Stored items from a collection
%%

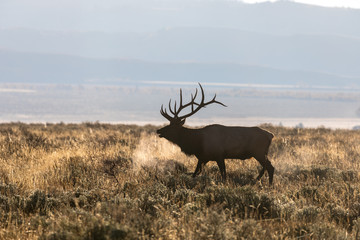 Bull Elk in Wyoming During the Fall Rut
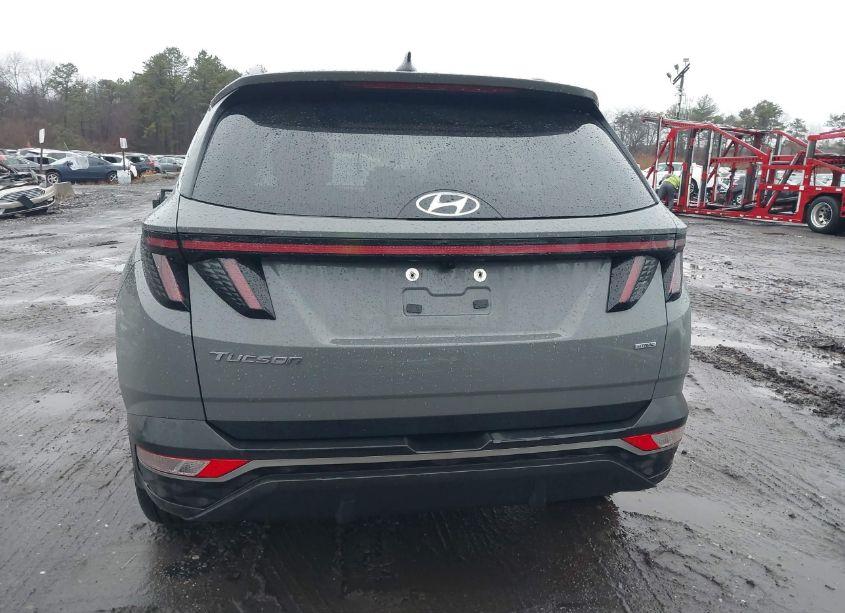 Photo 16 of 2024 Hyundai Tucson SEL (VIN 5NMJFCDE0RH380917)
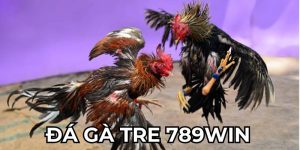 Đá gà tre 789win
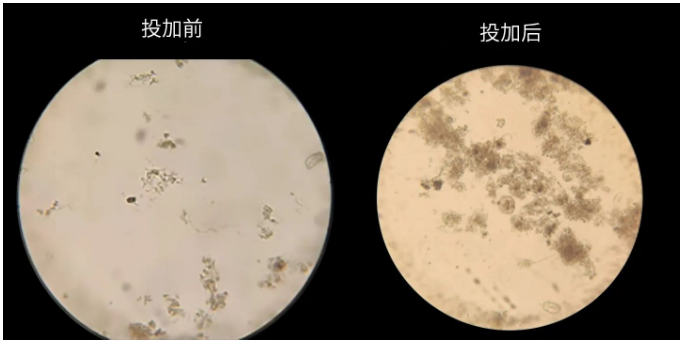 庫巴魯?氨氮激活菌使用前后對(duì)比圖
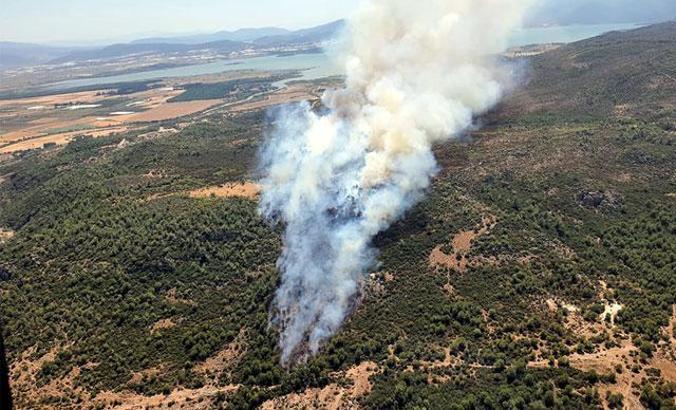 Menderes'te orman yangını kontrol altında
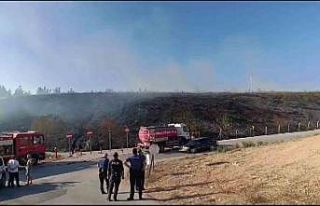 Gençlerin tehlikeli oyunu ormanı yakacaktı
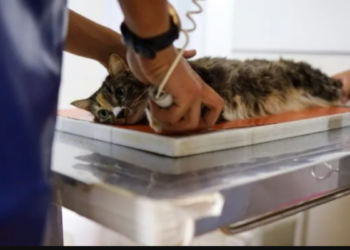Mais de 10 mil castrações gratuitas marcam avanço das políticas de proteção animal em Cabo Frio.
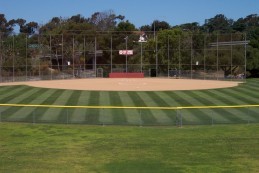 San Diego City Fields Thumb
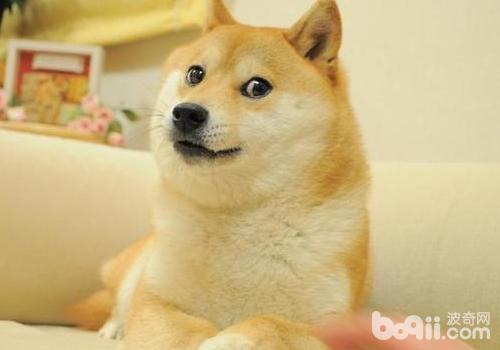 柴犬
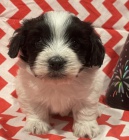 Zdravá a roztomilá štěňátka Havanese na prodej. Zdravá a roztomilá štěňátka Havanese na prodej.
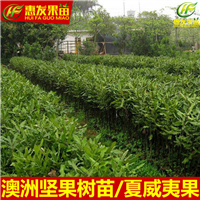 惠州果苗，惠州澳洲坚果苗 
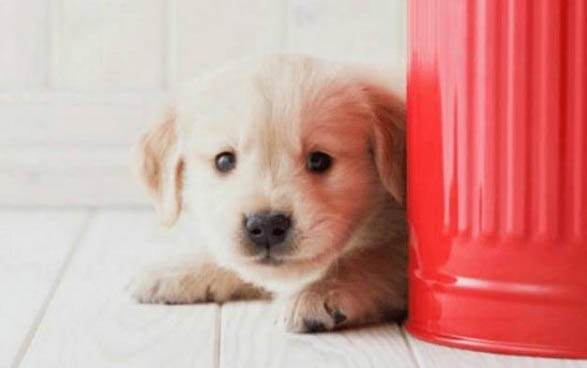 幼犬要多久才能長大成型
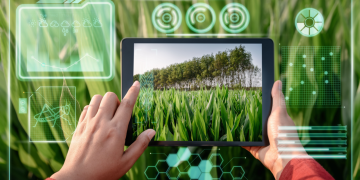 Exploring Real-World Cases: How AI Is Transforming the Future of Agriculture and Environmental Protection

%%
%%

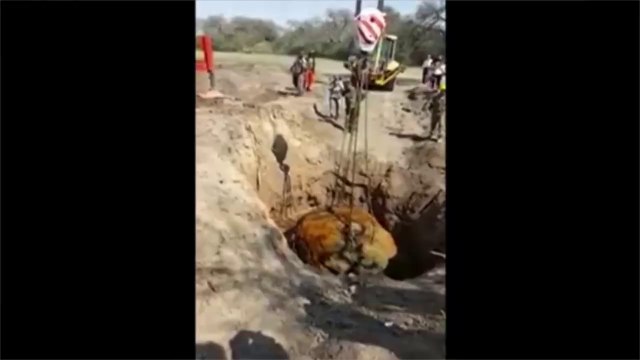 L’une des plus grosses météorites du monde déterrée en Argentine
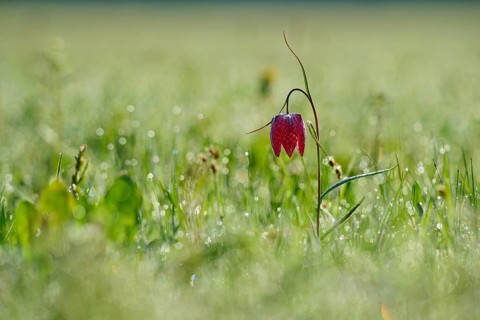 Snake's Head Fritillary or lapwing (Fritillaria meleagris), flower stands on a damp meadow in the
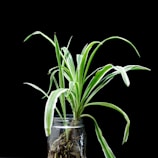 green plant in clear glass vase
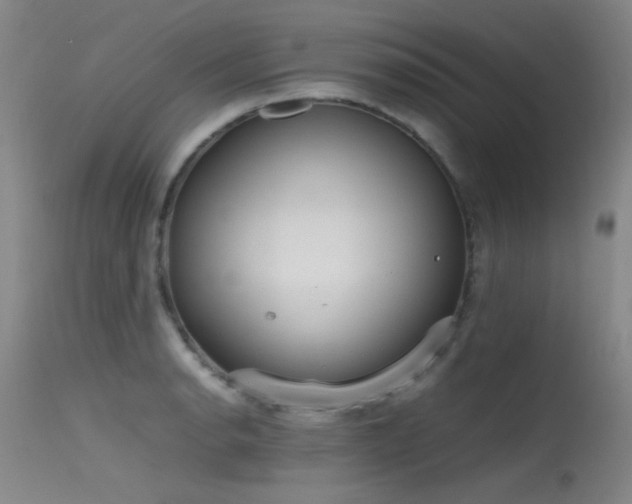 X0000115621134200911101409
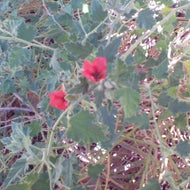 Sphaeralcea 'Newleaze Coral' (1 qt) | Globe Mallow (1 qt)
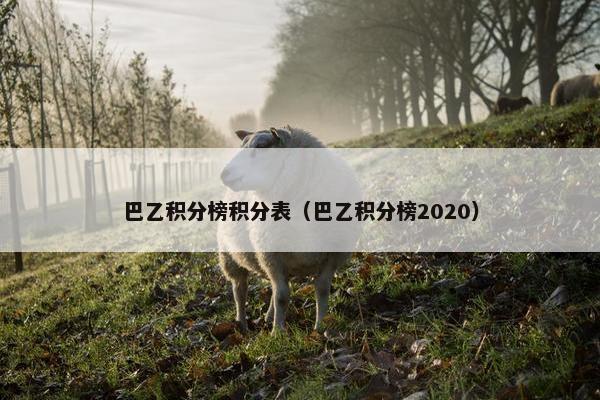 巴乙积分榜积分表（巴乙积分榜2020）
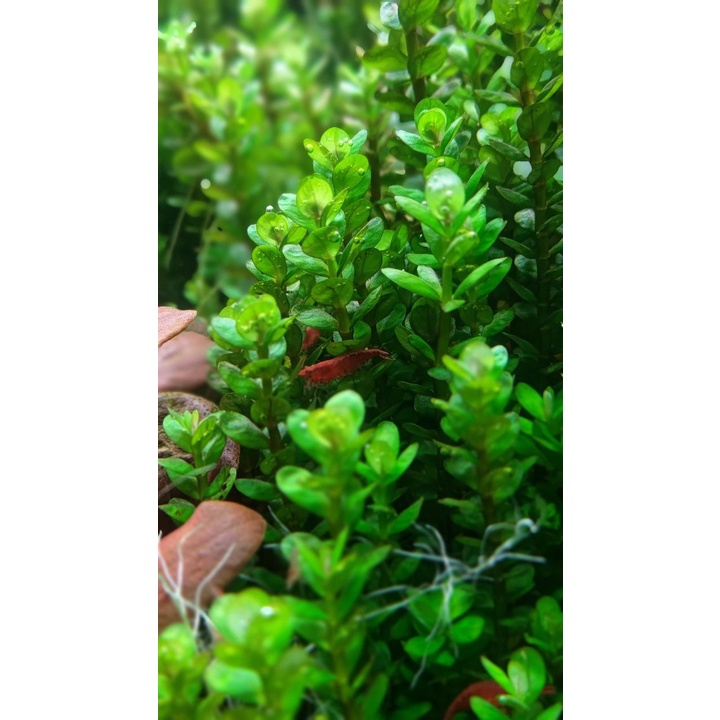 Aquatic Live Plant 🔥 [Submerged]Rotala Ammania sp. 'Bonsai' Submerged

%%

**Work instructions**:
"Bull Elk in Wyoming During the Fall Rut" marks the first line to copy, and "Mais de 10 mil" marks the last. Repeat that stretch above exactly, with no pictures.

**Task result**:
 Bull Elk in Wyoming During the Fall Rut
 Photo 16 of 2024 Hyundai Tucson SEL (VIN 5NMJFCDE0RH380917)
 Đá gà tre 789win
 庫巴魯?氨氮激活菌使用前后對(duì)比圖
 Menderes'te orman yangını kontrol altında
 Gençlerin tehlikeli oyunu ormanı yakacaktı
Mais de 10 mil castrações gratuitas marcam avanço das políticas de proteção animal em Cabo Frio.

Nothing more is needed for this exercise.